> **About this task**: Starting at the line with "this 1270×952 image." in it, reproduce each line below through the last one, exactly, and include nothing else.

> **Data listing**:
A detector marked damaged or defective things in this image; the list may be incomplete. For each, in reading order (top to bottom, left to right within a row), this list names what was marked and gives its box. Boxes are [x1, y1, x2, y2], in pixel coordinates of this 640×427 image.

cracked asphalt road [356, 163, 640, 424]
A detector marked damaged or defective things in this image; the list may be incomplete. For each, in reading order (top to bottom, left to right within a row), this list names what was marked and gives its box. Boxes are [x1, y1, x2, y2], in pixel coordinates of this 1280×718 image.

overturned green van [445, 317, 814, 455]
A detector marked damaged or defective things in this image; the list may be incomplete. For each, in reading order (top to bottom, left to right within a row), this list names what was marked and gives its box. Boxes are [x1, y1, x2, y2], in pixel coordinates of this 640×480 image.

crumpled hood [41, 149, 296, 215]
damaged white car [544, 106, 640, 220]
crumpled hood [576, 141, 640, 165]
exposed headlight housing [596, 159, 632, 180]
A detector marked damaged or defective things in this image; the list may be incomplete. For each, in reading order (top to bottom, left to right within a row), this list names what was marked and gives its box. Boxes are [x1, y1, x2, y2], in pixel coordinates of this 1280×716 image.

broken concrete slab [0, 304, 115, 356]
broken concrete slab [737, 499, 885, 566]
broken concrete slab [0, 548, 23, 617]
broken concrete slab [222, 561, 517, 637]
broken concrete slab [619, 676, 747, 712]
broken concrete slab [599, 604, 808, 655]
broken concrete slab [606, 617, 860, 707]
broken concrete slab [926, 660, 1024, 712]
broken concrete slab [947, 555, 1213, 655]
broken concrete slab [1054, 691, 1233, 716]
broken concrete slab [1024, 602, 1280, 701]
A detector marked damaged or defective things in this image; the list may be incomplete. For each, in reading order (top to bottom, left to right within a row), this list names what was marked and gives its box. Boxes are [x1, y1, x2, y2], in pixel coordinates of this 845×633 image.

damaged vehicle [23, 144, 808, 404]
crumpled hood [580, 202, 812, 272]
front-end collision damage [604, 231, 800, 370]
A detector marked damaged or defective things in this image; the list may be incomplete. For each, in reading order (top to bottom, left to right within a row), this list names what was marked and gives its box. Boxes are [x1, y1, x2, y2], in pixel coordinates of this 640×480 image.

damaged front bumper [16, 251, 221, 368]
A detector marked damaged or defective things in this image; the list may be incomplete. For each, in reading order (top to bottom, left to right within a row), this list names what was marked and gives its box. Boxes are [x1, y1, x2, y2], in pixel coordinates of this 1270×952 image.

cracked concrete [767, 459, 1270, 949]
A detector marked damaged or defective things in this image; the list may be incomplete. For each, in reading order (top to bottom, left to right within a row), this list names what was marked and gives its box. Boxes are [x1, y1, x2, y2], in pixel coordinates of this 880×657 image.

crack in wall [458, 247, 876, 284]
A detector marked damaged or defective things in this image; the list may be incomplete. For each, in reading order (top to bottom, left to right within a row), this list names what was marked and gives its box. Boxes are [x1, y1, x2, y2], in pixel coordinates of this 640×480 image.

> **Written response**:
A detector marked damaged or defective things in this image; the list may be incomplete. For each, in reading order (top to bottom, left to right within a row), this list names what was marked and gives its box. Boxes are [x1, y1, x2, y2], in pixel coordinates of this 1270×952 image.

cracked concrete [767, 459, 1270, 949]
A detector marked damaged or defective things in this image; the list may be incomplete. For each, in reading order (top to bottom, left to right within a row), this list names what was marked and gives its box. Boxes are [x1, y1, x2, y2], in pixel coordinates of this 880×657 image.

crack in wall [458, 247, 876, 284]
A detector marked damaged or defective things in this image; the list may be incomplete. For each, in reading order (top to bottom, left to right within a row), this list names what was marked and gives its box. Boxes are [x1, y1, x2, y2], in pixel coordinates of this 640×480 image.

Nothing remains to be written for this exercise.